It’s a bizarre turn. Just last Friday, when Tiger said he was advised to sit out his next two scheduled starts -- this week at Riv and next week’s Honda Classic — the announcement on his website said he was expected to be in Los Angeles to support the event that now benefits his Tiger Woods Foundation. Then these press conferences are scheduled and re-scheduled and then canceled in the 11th hour.

As ESPN’s Bob Harig noted above in his tweet, that Tiger is forbidden from “all activities,” including sitting in a chair and answering questions, portends a more serious obstacle for his ability to get back to playing golf. The assumption has been that Tiger would next tee it up at the Arnold Palmer Inivitational at Bay Hill, an event he has won eight times. That’s about a month away.
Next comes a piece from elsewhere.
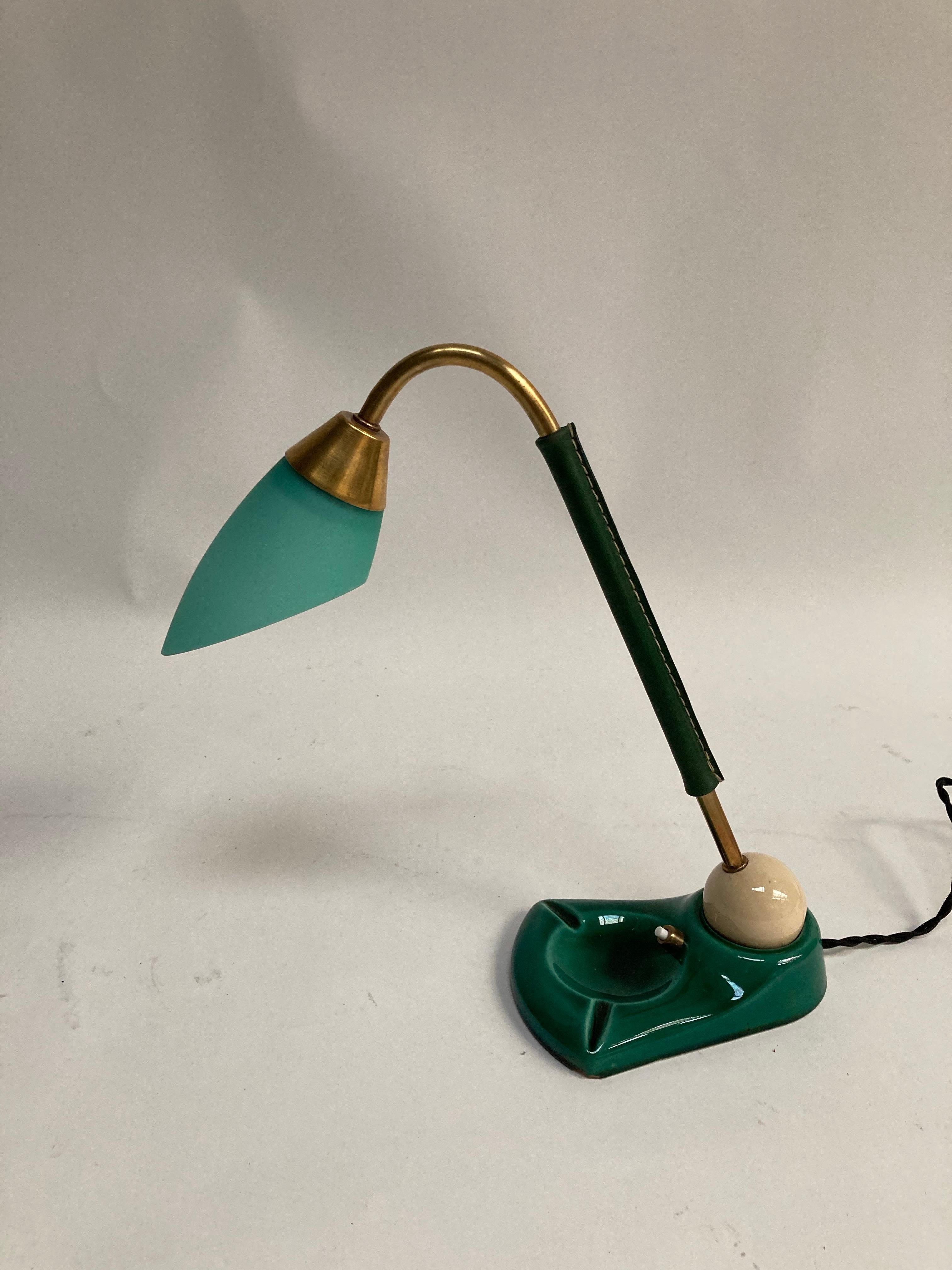 Metal 1950's Stitched Leather Articulated Lamp by Jacques Adnet For Sale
This four-event-in-five-week return at the start of this year was an ambitious schedule. Tiger lasted just three full rounds, is not even healthy enough to do basic PR appearances, and his team is being secretive and ambitious, which is standard operating procedure. In the past when he’s been unable to play events that his foundations hosts, he’s still done the press conferences and been on the grounds to give out the trophy. Maybe it’s just a case of really bad spasms, but this is another depressing development in a highly anticipated comeback that’s rapidly become depressing. The Masters is 50 days away.